Dog and litterbox

Q. Eating out of the litterbox is the most disgusting habit I can imagine, and both my dogs do it. How can we get them to stop?

A. It’s easier to manage the situation by keeping the box where the dog can’t get into it (but the cat can) than it is to teach the dog to leave the litterbox alone. That’s because dogs absolutely love feline feces (and other kinds of poop). Every time a dog sneaks a bite of it, the habit is reinforced.

So though it’s certainly possible to train your dogs to keep their noses out of the box, you’ll likely be happier if you come up with a way to keep their noses nowhere near it. Some suggestions:

  • Use a cat door. Though this strategy won’t work with small dogs, a cat door can allow your cat access to the litterbox while keeping larger dogs away. You can put the litter box on an enclosed patio or in a spare bedroom or bath. An attached garage may be a possibility as well, but use caution: The door between your attached garage may be designed to slow down a fire, and cutting a hole in it removes that measure of safety (check with local authorities for fire and building codes). Also, if you use your garage for your cars (instead of storage, as many do!) you probably don’t want your cat in there with access to fumes and fluids that can be deadly.
  • Use a baby gate.
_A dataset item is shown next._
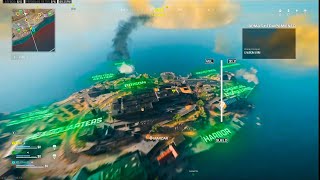 WARZONE 3 PS4 Slim GAMEPLAY [upl. by Ardath]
A baby gate can also be used to allow a cat access to a spare bedroom containing the litterbox. Though some dogs can get over virtually any height baby gate, you can usually find a model that will keep your dogs out. Your cat (assuming he’s not incapacitated) will have no trouble getting over the gate, however.
  • Use a chain. A short door chain can be used to allow a cat access to a bedroom or small closet by keeping the door opening small, again assuming that your dogs aren’t narrow enough to slip through the opening. Attach the chain to a hook so you can get in and out of the area to clean the box.

Covered litterboxes are often suggested as well, but they may present some problems for your cat. Large cats may not fit comfortably inside them, and other cats may feel uncomfortable in a small, enclosed space, especially if you’re not scrupulous about cleaning the box. If your cat has asthma, a covered box is not recommended.

Experiment to see what your cat will tolerate, and remember to make any change slowly, so as not to discourage litter box use by your cat.